RFR 8087198: G1 card refinement: batching, sorting, joining, prefetching

Thu Jun 11 11:20:33 UTC 2015

Hi guys,

I have been experimenting a bit with G1 card refinement. Thought I¹d check
if anyone finds this interesting. ;)

Basically we currently process cards one by one even though they always
come in groups of at the very least G1UpdateBufferSize. The cards may or
may not follow a particularly cache friendly order, depending on how lucky
we are, and need to do things like seek the start of the card quite often,
as well as cutting arrays at the card intervals, even though many times
the batches of cards could be linearly scanned and follow a contiguous
order.

What my patch does is to first clean all the G1UpdateBufferSize cards and
potentially swap some with the hot card cache. Then after that, the cards
are sorted in address order for nicer cache interactions. Then the cards
are processed 16 at a time. The cards are joined together if consecutive,
and intervals with re-dirtied cards are split so that finding the start of
the card does not happen so often.
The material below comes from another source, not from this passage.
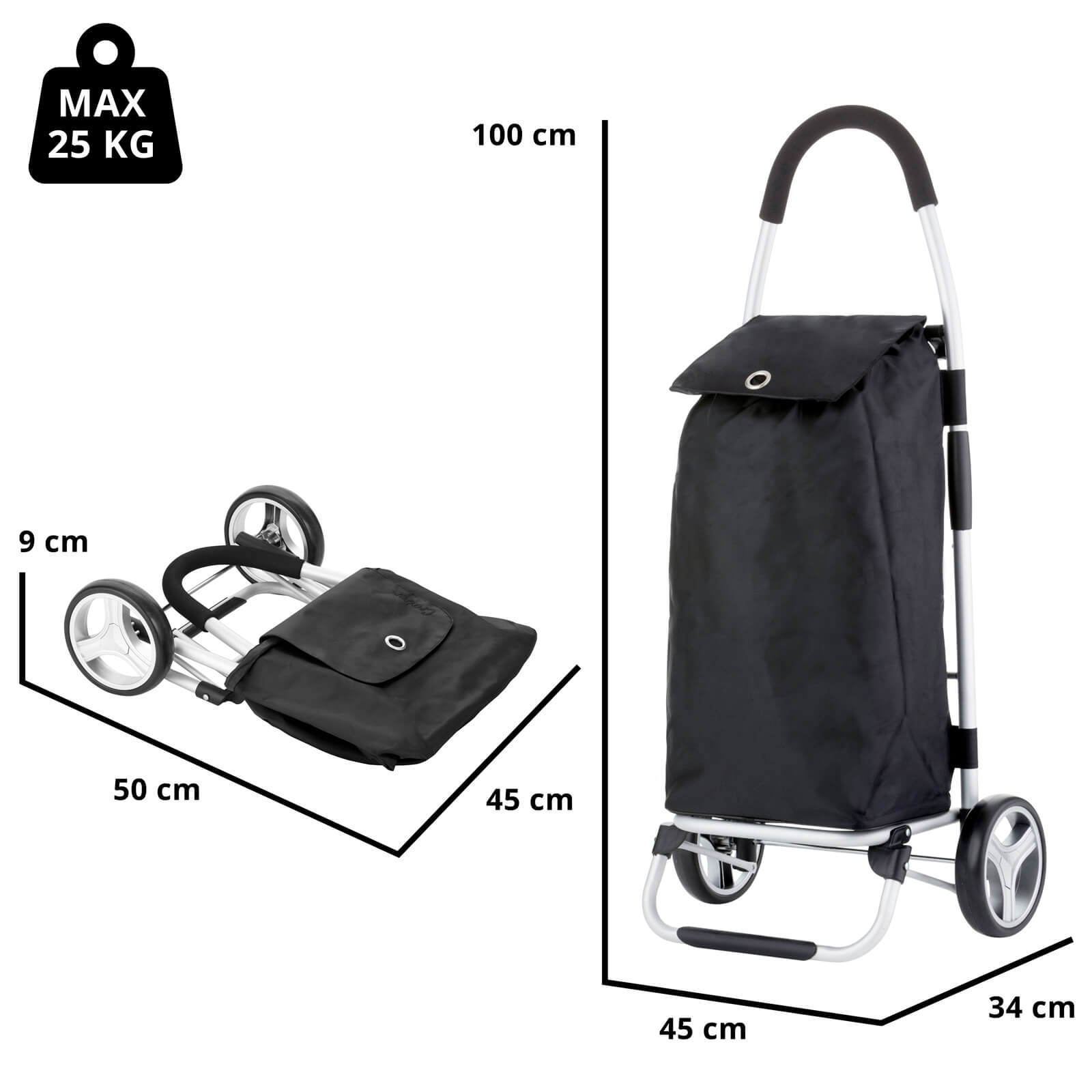 Skládací nákupní vozík Cruiser Classic Black Premium 604320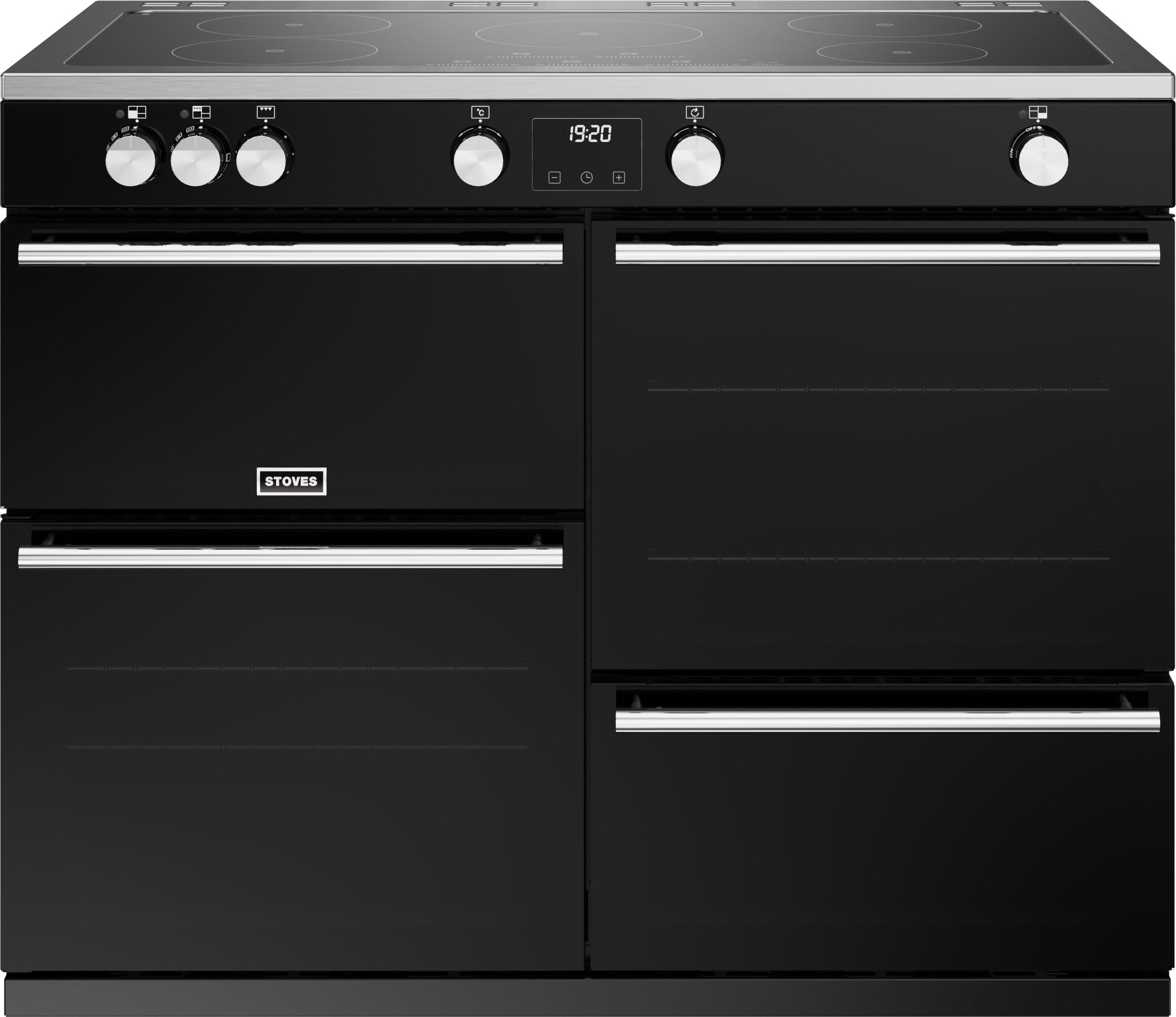 Stoves Precision Deluxe ST DX PREC D1100Ei TCH BK 110cm Electric Range Cooker with Induction Hob - Black - A Rated, Black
The start of the next scanning interval
is prefetched while the current interval is scanned for references.

Webrev with demo:
http://cr.openjdk.java.net/~eosterlund/g1_experiments/card_refinement/webre
v.00/

RFE ID:
https://bugs.openjdk.java.net/browse/JDK-8087198

In the DaCapo benchmarks I could find for instance 3.2% speedup in both fop
(configured to achieve 1 ms latency with a small 64M heap) and h2 3%
speedup running default settings on 512M heap. The measurements were taken
after 40 warmup iterations, and then sampled the average of 10 iterations.

If somebody is interested in sponsoring something like this, it would be
interesting to see how this performs in your favourite benchmarks. I
suspect this kind of stuff is
more important when you deal with larger heaps.

Thanks,
/Erik